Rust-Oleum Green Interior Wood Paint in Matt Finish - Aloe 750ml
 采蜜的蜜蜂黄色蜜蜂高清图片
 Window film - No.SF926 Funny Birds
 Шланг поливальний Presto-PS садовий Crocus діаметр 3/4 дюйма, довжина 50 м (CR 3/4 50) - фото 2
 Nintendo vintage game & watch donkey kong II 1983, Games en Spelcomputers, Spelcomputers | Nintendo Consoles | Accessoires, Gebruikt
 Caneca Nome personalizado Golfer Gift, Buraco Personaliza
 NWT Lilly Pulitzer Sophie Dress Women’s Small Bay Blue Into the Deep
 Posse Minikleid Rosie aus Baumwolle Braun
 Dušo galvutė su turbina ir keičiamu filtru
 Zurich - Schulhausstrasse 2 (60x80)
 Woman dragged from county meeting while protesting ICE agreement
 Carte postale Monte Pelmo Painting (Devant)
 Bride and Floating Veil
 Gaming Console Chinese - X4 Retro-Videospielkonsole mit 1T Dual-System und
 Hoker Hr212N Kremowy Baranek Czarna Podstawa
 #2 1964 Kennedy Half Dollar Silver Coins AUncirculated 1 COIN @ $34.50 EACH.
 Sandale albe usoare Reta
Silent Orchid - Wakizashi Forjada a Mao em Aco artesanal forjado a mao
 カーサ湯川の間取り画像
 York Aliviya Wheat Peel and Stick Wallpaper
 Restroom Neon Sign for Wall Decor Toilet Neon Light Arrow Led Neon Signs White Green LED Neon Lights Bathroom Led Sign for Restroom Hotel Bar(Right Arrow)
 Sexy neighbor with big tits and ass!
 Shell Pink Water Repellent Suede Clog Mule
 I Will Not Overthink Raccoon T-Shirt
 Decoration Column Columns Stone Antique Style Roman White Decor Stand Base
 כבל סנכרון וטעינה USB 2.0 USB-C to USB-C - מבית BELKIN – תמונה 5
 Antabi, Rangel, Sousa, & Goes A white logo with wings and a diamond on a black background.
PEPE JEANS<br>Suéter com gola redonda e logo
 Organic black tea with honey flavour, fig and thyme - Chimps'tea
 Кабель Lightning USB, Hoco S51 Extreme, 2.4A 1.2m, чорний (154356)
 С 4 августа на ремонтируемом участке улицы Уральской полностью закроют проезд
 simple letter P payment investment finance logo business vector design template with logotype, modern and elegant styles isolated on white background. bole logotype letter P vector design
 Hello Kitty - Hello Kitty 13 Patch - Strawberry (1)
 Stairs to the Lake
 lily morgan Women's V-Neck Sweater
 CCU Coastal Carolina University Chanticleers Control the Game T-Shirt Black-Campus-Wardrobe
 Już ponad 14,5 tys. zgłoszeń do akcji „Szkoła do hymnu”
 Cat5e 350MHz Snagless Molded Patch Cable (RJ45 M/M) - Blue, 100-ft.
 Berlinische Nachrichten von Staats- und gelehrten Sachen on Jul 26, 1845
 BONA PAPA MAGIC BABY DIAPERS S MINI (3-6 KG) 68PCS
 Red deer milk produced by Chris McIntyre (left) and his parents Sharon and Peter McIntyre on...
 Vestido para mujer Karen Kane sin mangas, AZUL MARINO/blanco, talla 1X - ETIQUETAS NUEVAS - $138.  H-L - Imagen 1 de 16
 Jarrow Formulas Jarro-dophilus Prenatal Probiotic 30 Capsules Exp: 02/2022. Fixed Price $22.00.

______

_DIRECTIONS FOR THIS TASK:_
Everything from the first line of the records through the line containing "Dušo galvutė su turbina ir keičiamu filtru" is to be set down exactly, while later lines are left out.

_EXERCISE RESULT:_
Rust-Oleum Green Interior Wood Paint in Matt Finish - Aloe 750ml
 采蜜的蜜蜂黄色蜜蜂高清图片
 Window film - No.SF926 Funny Birds
 Шланг поливальний Presto-PS садовий Crocus діаметр 3/4 дюйма, довжина 50 м (CR 3/4 50) - фото 2
 Nintendo vintage game & watch donkey kong II 1983, Games en Spelcomputers, Spelcomputers | Nintendo Consoles | Accessoires, Gebruikt
 Caneca Nome personalizado Golfer Gift, Buraco Personaliza
 NWT Lilly Pulitzer Sophie Dress Women’s Small Bay Blue Into the Deep
 Posse Minikleid Rosie aus Baumwolle Braun
 Dušo galvutė su turbina ir keičiamu filtru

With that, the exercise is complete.